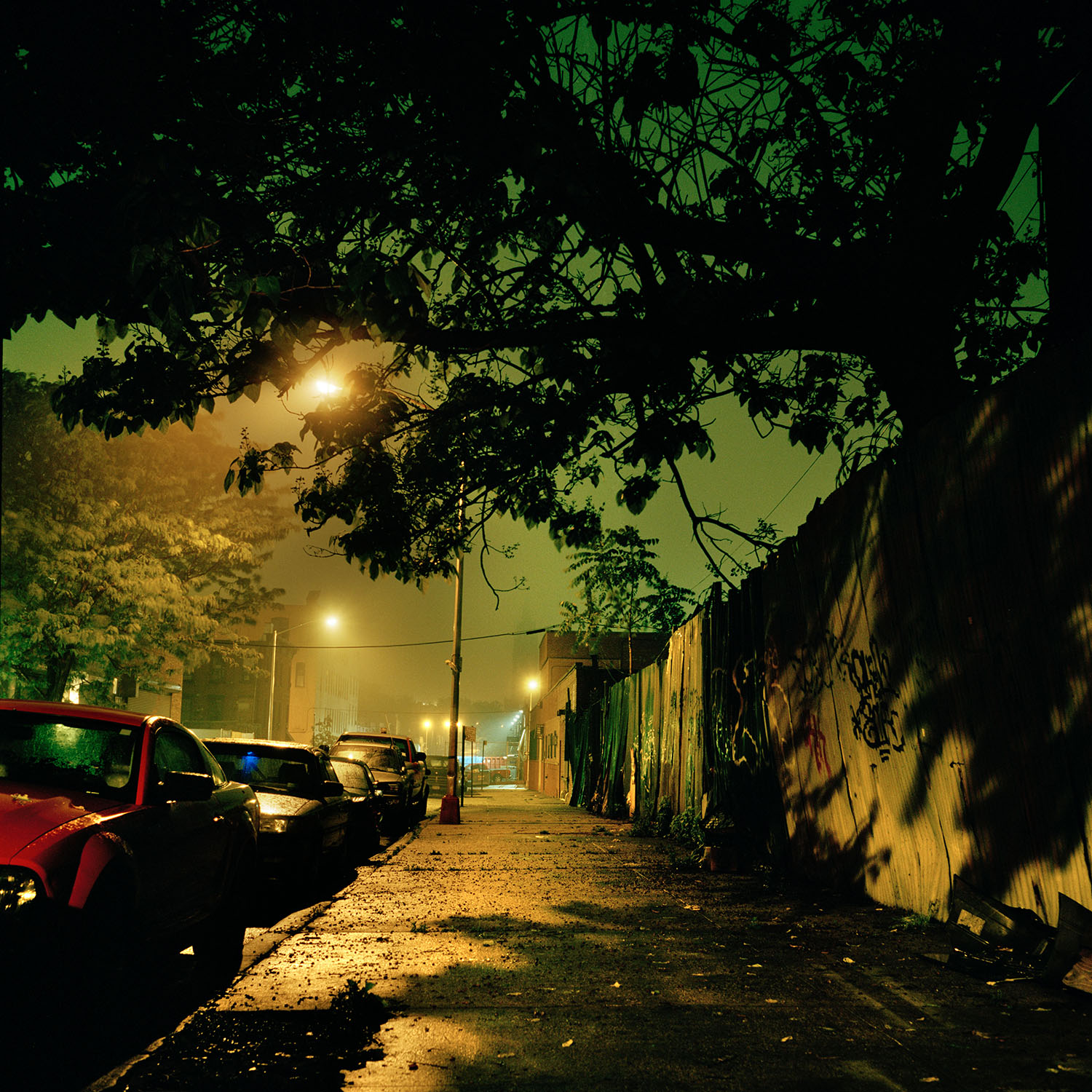 02_Gowanus_Wild_Street_Jungle.jpg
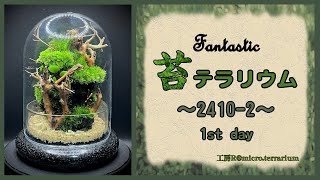 Moss Terrarium ～24102～ Long Ver コケリウム terrarium 苔テラリウム 苔 moss [upl. by Yrrak]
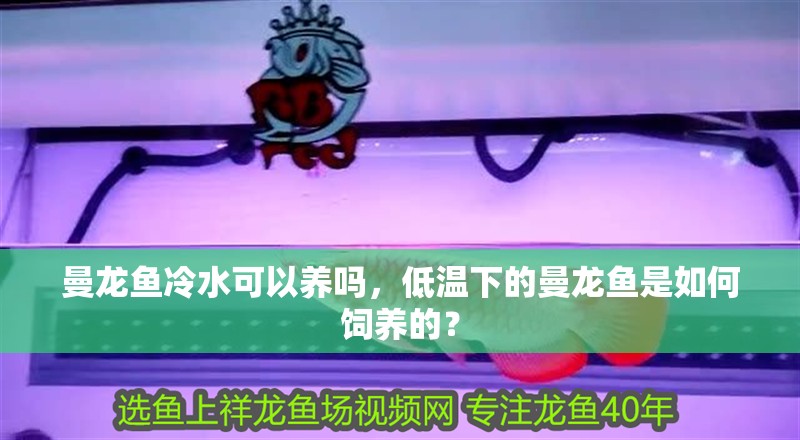 曼龍魚冷水可以養(yǎng)嗎，低溫下的曼龍魚是如何飼養(yǎng)的？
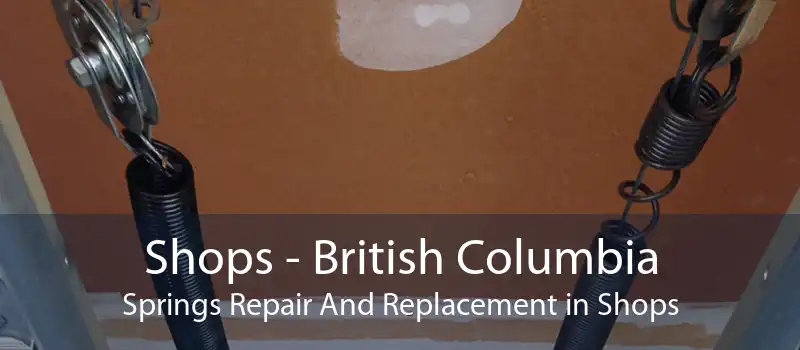 Shops - British Columbia Springs Repair And Replacement in Shops
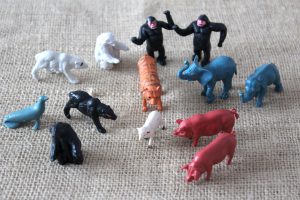 Noah and the Animals – Teach One Reach One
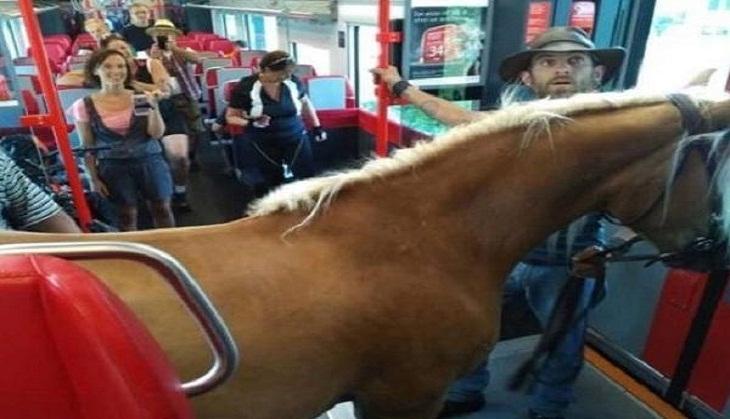 man with horse inside train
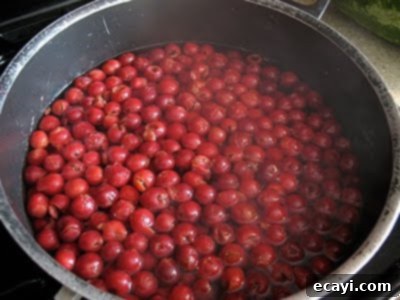 The Best Homemade Cherry Pie Filling 13 Blanching fresh sour cherries in boiling water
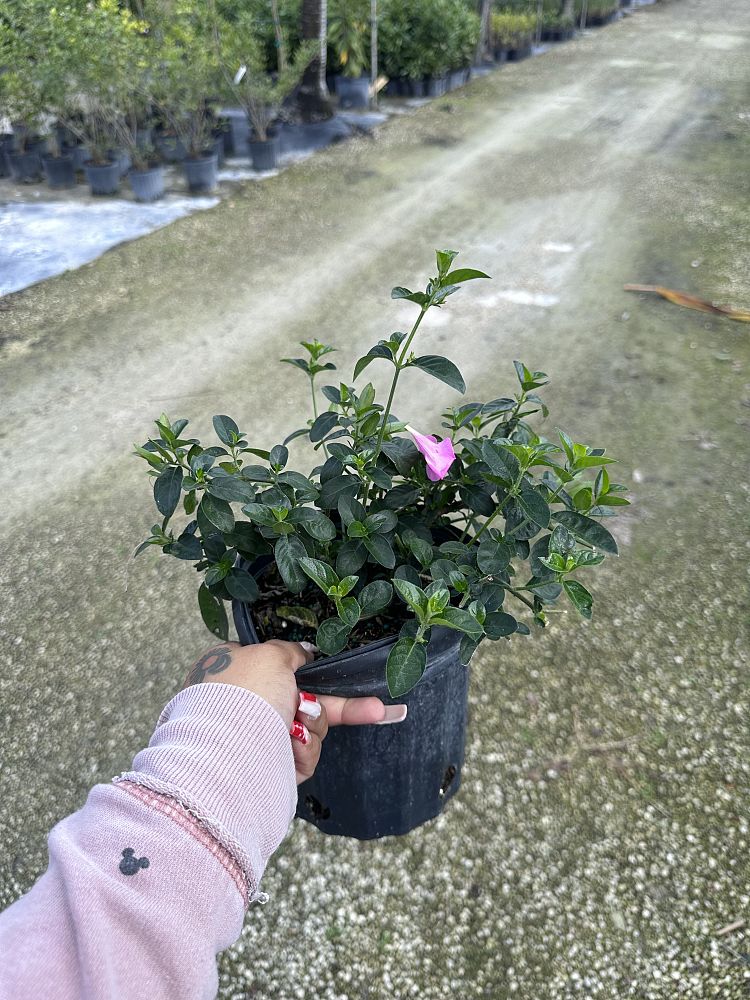 barleria-repens-coral-creeper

--------------------

» What the exercise asks
Your reply should hold every line of the material, unaltered, and not one picture.

» The answer
 02_Gowanus_Wild_Street_Jungle.jpg
 Moss Terrarium ～24102～ Long Ver コケリウム terrarium 苔テラリウム 苔 moss [upl. by Yrrak]
 曼龍魚冷水可以養(yǎng)嗎，低溫下的曼龍魚是如何飼養(yǎng)的？
 Shops - British Columbia Springs Repair And Replacement in Shops
 Noah and the Animals – Teach One Reach One
 man with horse inside train
 The Best Homemade Cherry Pie Filling 13 Blanching fresh sour cherries in boiling water
 barleria-repens-coral-creeper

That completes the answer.